All or Nothing



             With this year's demise of FilmFour, there's been a lot of debate in the United Kingdom
     over the fate of "British cinema" with many local critics complaining of the prevalence of
     American influence on contemporary English, Scottish and Welsh filmmakers. If one were
     to take the most  pessimistic view, one would think that British cinema should be added to
     the endangered species list.  Well, like another "fabulous invalid" [the American theater], it
     only requires a handful of promising movies to galvanize and re-energize the flagging
     industry. 2002 has already seen several impressive films that push boundaries, engender
     controversy and/or take other risks, including  
The Lawless Heart (released in the US in
     2003),
AKA, Morvern Caller, and Sweet Sixteen. The latter was directed by former
     iconoclast Ken Loach, who along with Mike Leigh, has moved from the fringes to inherit
     the mantle of veteran filmmaker.

            All or Nothing, the latest offering from Mike Leigh, feels almost like a distillation of
     many of his previous films. Leigh's movie making process has been well documented: he
     commences with an idea, gathers his cast of actors and allows them to develop their roles
     and the script via improvisation. Like Woody Allen, Leigh has a tendency to explore similar
     themes in his films,most notably the complexities of familial dysfunction. (Unlike Allen's movies,
     however, a Mike Leigh film is more likely to focus on the economically deprived.) The overall
     effects are bleak and emotionally raw, but dramatically loose, much like "real life."

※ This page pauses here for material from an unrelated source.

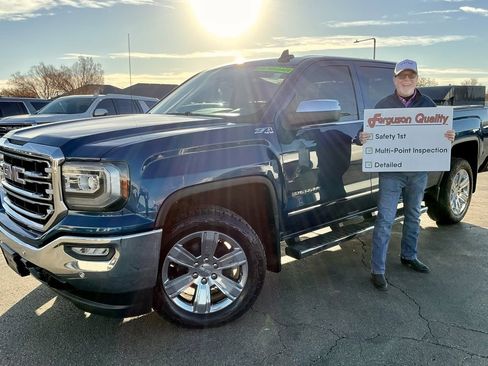 Used 2017 GMC Sierra 1500 SLT image 1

             Building on familiar Leigh territory,
All or Nothing focuses on the denizens of a
     south London council estate (what Americans might call a "project"). The central figures of
     the drama are Phil (Timothy Spall), a depressed cab driver, and his common-law spouse
     Penny (Lesley Manville), a supermarket cashier. Barely scraping by on their combined
     income, they have raised two overweight children, the stoic Rachel (Alison Garland), who
     toils as a cleaner at an old age home, and the foul-mouthed, belligerent, and lazy Rory
     (James Corden), who spends his day moving from the dinner table to the couch when
     he's not out picking fights while playing soccer with the neighbors. These are people
     definitely living lives of quiet desperation.

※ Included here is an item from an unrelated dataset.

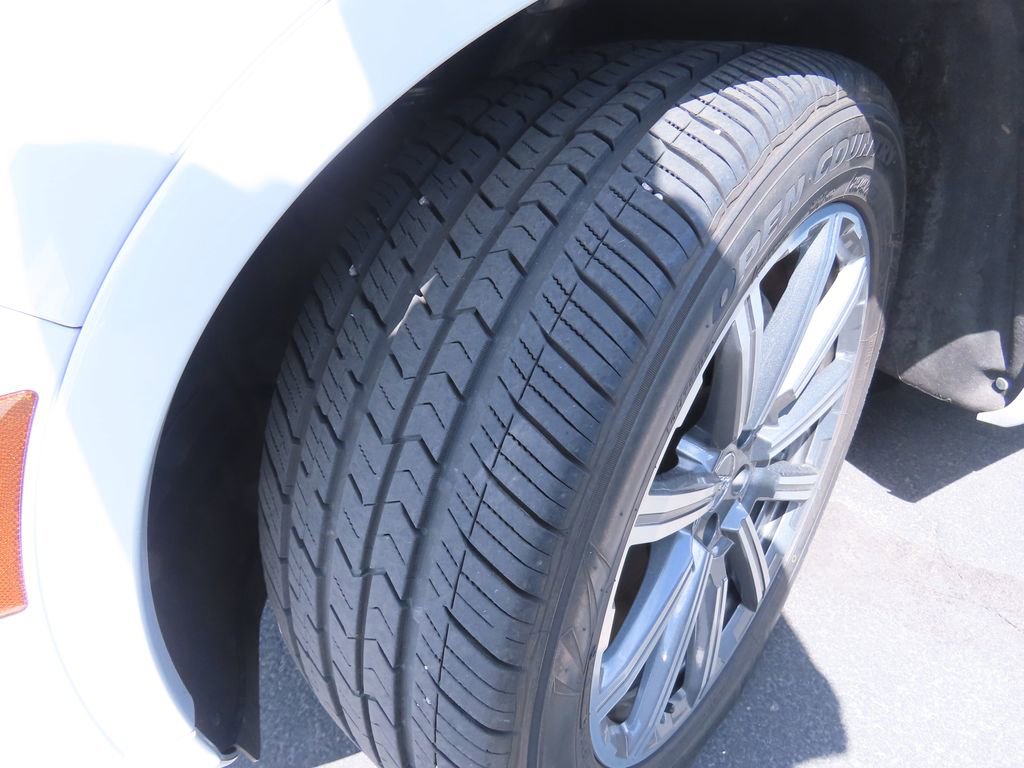 Used 2018 Audi Q7 3.0T Premium Plus AWD/4WD image 14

             Leigh gives the audience glimpses of their neighbors (any one of which may have been
     a protagonist in a drama). There's Penny's co-worker and pal Maureen (the superb Ruth
     Sheen), whose positive outlook and chirpy demeanor makes her seem an alien in this
     territory. Maureen is a single mother raising the sullen Donna (Helen Coker), who has
     recently learned she's pregnant by her boorish, bullying boyfriend. By the film's end, these
     two women come to realize just how alike they are and begin to move toward reconciliation.
     Then there are Ron (Paul Jesson), who works with Phil, and his alcoholic wife Carol (Marion
     Bailey) and their sexpot daughter Samantha (Sally Hawkins), who is clearly on her way
     to a life as a prostitute as her means of escape.

             Because the director hires a mix of professionals and amateurs, the acting in a Leigh
     film can be hit or miss. In the case of
All or Nothing, though, it's mostly hits. Spall, with
     his lanky hair and perpetually hangdog expression, dominates the film. He is collapsing
     into himself with frustration, browbeaten by his wife and kids. (When his son curses and
     shouts at his mother, Spall's Phil seems to retreat even farther into himself and mutters
     things like "Rory's at a difficult age.") There are sequences of Phil and his passengers,
     none of whom seem to make an impression on him, except for a French woman
     (Kathryn Hunter in a scene-stealing turn) who asks the driver such personal questions
     that she sparks a bout of contemplation that it causes Phil to spend a day alone. It
     happens that a family near-tragedy occurs which is the final catalyst for a heartbreaking
     confrontation between Phil and Penny that leads to a tentative truce and as close to a
     happy ending as Leigh can muster.

             Lesley Manville is superlative as Penny, a small birdlike woman made bitter by her
     circumstances. Her Penny is perpetually annoyed, with the tedium of her job, with frustration
     at her seemingly unambitious spouse who appears to have passed on to their son the
     same quality. The actress offers a delicately layered performance that is anchored in
     reality and at times it becomes almost too painful to watch her, but the audience cannot
     turn away. She is the perfect embodiment of the film's title. For Manville and her
     character, it truly is
All or Nothing.

     

                                  
Rating:                            A -
                                  
MPAA Rating:               R for pervasive language, some sexuality, and
                                                                                       brief nudity
                                
  Running time:              128 mins.